A Pahranichny (Belarus), la police a arrêté quatre personnes qui tentaient de s'opposer à la destruction une maison et une chapelle construites sans autorisation. L'édifice avait été construit à l'initiative du P. Yan Spasyuk, un prêtre qui représente l'Eglise orthodoxe autocéphale de Belarus, que les autorités refusent de reconnaître.
Selon Radio Liberty-Radio Free Europe (29 juillet 2002), le P. Yan Spasyuk reconnaît avoir construit les immeubles sans permission officielle, mais soutient que les motifs réels de la destruction sont la crainte de voir l'Eglise autocéphale concurrencer la juridiction du Patriarcat de Moscou, organisée sous forme d'Exarchat autonome. Il y avait déjà eu dans le passé plusieurs descentes de police à Pahranichny.
L'Eglise autocéphale (Bielaruskaja Autakiefalnaja Pravasalaunaja Carkva - BAPC) trouve son origine (ou renaquit, si l'on suit l'interprétation de ses partisans) lors d'une assemblée ecclésiastique qui se tint en juillet 1922 à Minsk, dans les années turbulentes qui suivirent la révolution bolchévique. Son premier primat, le Métropolite Melchisedek, qui avait été un hiérarque du Patriarcat de Moscou, fit par la suite pénitence et rejoignit l'Eglise russe, dans laquelle il fut élevé au rang d'archevêque peu avant de périr en 1928. Dans les années 1930, l'Eglise autocéphale fut complètement anéantie.

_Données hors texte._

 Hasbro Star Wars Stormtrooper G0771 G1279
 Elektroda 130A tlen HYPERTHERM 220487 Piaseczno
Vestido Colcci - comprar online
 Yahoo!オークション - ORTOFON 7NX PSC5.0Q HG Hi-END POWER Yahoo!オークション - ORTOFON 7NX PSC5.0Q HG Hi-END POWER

Le mouvement ressuscita à la faveur de l'occupation allemande et choisit pour primat le Métropolite Panteleimon (également un évêque issu du Patriarcat de Moscou). Mais le retour des armées soviétiques obligea les dirigeants de l'Eglise à suivre les troupes allemandes dans leur retraite. Une fois en Occident, les hiérarques biélorusses rejoignirent le Synode russe hors-frontières.

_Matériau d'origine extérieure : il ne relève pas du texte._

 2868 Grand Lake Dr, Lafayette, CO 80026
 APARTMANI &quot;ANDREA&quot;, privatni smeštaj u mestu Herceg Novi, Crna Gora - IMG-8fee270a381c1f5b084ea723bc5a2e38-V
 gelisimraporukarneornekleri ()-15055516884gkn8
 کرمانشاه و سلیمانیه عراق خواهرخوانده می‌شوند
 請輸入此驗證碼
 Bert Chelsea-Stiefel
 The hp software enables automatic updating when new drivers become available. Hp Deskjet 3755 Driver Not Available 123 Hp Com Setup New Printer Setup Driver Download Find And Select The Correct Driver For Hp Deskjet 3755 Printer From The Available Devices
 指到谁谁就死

Avec l'aide d'autocéphalistes ukrainiens, un groupe se réunit cependant à Constance en 1948 et maintint l'Eglise biélorusse en exil. Celle-ci n'est pas reconnue par les principales juridictions orthodoxes; il existe en revanche aussi aux Etats-Unis quelques paroisses biélorusses dans la juridiction du Patriarcat oecuménique.
Les autocéphaélistes biélorusses tentent de justifier canoniquement l'existence de leur Eglise entre autres en se référant à la charte d'autocéphalie accordée en 1924 par le Patriarcat oecuménique à l'Eglise orthodoxe de Pologne: ils considèrent leur situation comme analogue au regard de l'héritage historique,
L'Eglise biélorusse en exil a cependant été affaiblie par un schisme dans les années 1980. L'une des juridictions a son siège à New York, l'autre à Toronto. Chacune des deux juridictions ne regroupe que peu de paroisses.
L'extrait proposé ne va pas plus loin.